Emma, by Jane Austen

To prepare for this review, I rewatched Clueless. Oh, you didn't know that Clueless, starring Alicia Silverstone and Paul Rudd, was a modern retelling of "Emma?" Don't worry, very few people do. But having now read the book, it's an astoundingly faithful rendition, shone pretty brilliantly through a satire of 1990s culture. But enough about Clueless (which is on Netflix instant play, should this review inspire a Clueless craving).

"Emma" is the second Austen book I've read, and while I enjoyed it, it's awfully long. Four hundred pages is a lot of 18th century English to wade through, and the story is very slow to develop. I suppose that at the time it was written, people had much more reading time and the longer the book, the more hours of entertainment it could provide. Now it's a bit of a slog. The characters are exceedingly well fleshed out, to the point where I could have done with less of their monologues.

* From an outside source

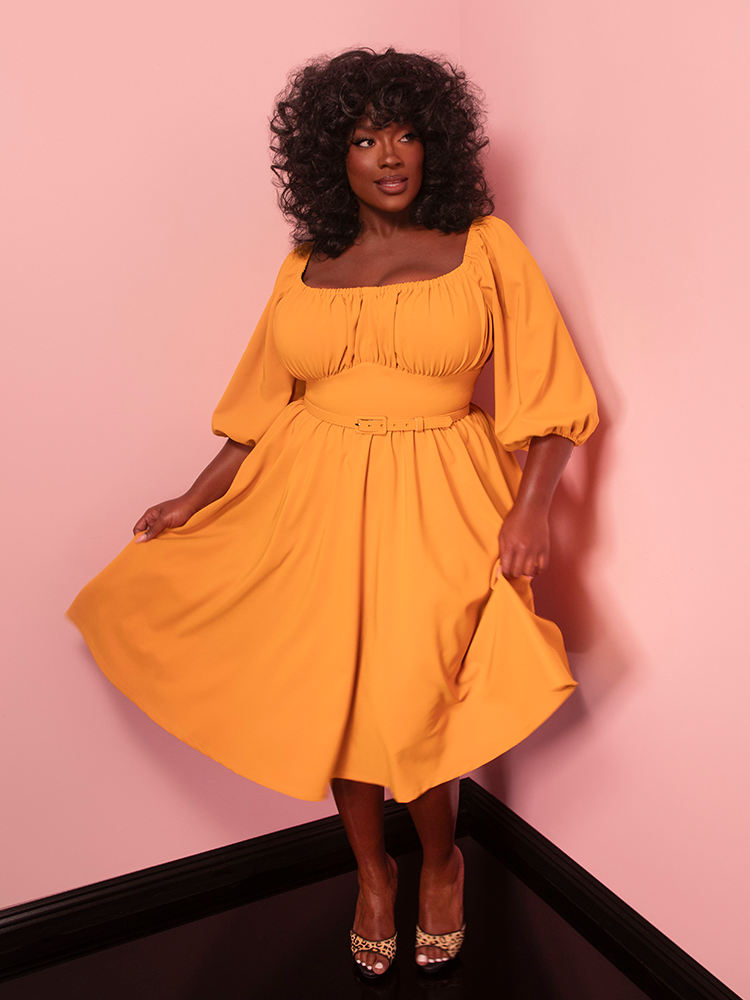 The Vacation Dress in Mustard Gold is a sunny tribute to vintage glamour. Perfect for a stroll on the beach or a weekend picnic, it exudes effortless charm.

But it's a cute story nonetheless: the precocious and beautiful Emma, determined to remain unmarried her whole life in devotion to her anxious father, instead tries to match others. She matches terribly, much awkwardness ensues, and the Highbury society is set all in a tizzy. She's a sweet character and it's a sweet book, I just would have been happier if Miss Austen had written a tad less of it.